Appellante heeft bij brief van 25 november 2014 verweerder verzocht de investering in de spuitmachine te wijzigen naar een investering in een trekker en een ploeg met GPS besturing van € 153.207,- (wijzigingsverzoek).
1.4
Bij het primaire besluit heeft verweerder het wijzigingsverzoek afgewezen, omdat de wijziging geen type of leverancier van de dezelfde machine betreft maar een investering in een andere machine. Het wijzigen van ‘type’ in de categorie machines is een ander soort van dezelfde machine waarmee hetzelfde doel wordt bereikt en daarmee binnen het kader van de verleende offerte past.
2. Bij het bestreden besluit heeft verweerder het primaire besluit gehandhaafd.
3. Appellante voert de volgende beroepsgronden aan ten betoge dat verweerder haar wijzigingsverzoek ten onrechte heeft afgewezen.
In de eerste plaats blijkt volgens appellante uit de op het klantportaal vermelde informatie niet dat de opsomming van toegestane wijzigingen limitatief is. Wat betreft de niet toegestane wijzigingen, staat slechts expliciet vermeld dat niet mag worden gewisseld tussen de investeringscategorieën.
In de tweede plaats is niet duidelijk wat wordt verstaan onder het wisselen van type. Appellante ziet ook op grond hiervan niet in dat zij niet in plaats van in een spuitmachine mocht investeren in een trekker en een ploeg met GPS-besturing.
In de derde plaats handelt verweerder door de wijziging niet toe te staan in strijd met een vaste lijn, c.q. beleidsregel. In het verleden werden wijzigingen binnen een investeringscategorie vergelijkbaar met die van appellante door verweerder wel steeds toegestaan.
In de vierde plaats handelt verweerder door anders te oordelen dan in vergelijkbare gevallen in strijd met het gelijkheidsbeginsel.
4. Het College zal waar het nodig het standpunt van verweerder bespreken bij de behandeling van de beroepsgronden.
5. Het College overweegt als volgt.
5.1
Niet in geschil is dat zowel de investering in een spuitmachine als die in een trekker en een ploeg met GPS besturing valt onder de door appellante bij haar aanvraag opgegeven investeringscategorie ‘machines en verplaatsbare installaties’ en derhalve niet valt onder de niet toegestane wijziging tussen investeringscategorieën. Het College volgt echter niet het standpunt van appellante dat geen beperkingen zijn aangebracht wat betreft de wijzigingen binnen dezelfde investeringscategorie.

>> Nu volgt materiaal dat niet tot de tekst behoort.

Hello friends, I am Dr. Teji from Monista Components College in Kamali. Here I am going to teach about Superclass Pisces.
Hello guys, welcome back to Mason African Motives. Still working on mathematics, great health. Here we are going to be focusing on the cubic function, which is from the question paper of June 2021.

Op grond van artikel 1:12, eerste lid, aanhef en onder a, van de Regeling voert de subsidieontvanger de activiteiten waarvoor subsidie is verleend uit met inachtneming van de bij of krachtens deze regeling gestelde vereisten of voorwaarden bij subsidieverlening. In het verleningsbesluit is bepaald dat de investering wordt uitgevoerd zoals in de offerte staat en dat wijzigingen niet altijd zijn toegestaan. Naar het oordeel van het College mag in dit licht uit de vermelding in het klantportaal dat er niet mag worden gewisseld van investering tussen de investeringscategorieën, niet – a contrario – worden afgeleid dat iedere wijziging binnen een investeringscategorie wel is toegestaan. Uit de opsomming van wel toegestane wijzigingen volgt dat binnen een investeringscategorie slechts een wisseling van type en/of merk is toegestaan.
5.2
Appellante beoogt met het wijzigingsverzoek een investering in een andersoortige machine dan een spuitmachine, namelijk een trekker en een ploeg met GPS besturing. Verweerder is van mening dat met een investering in een tractor uitvoering wordt gegeven aan de beschikking tot het verlenen van subsidie van een spuitmachine.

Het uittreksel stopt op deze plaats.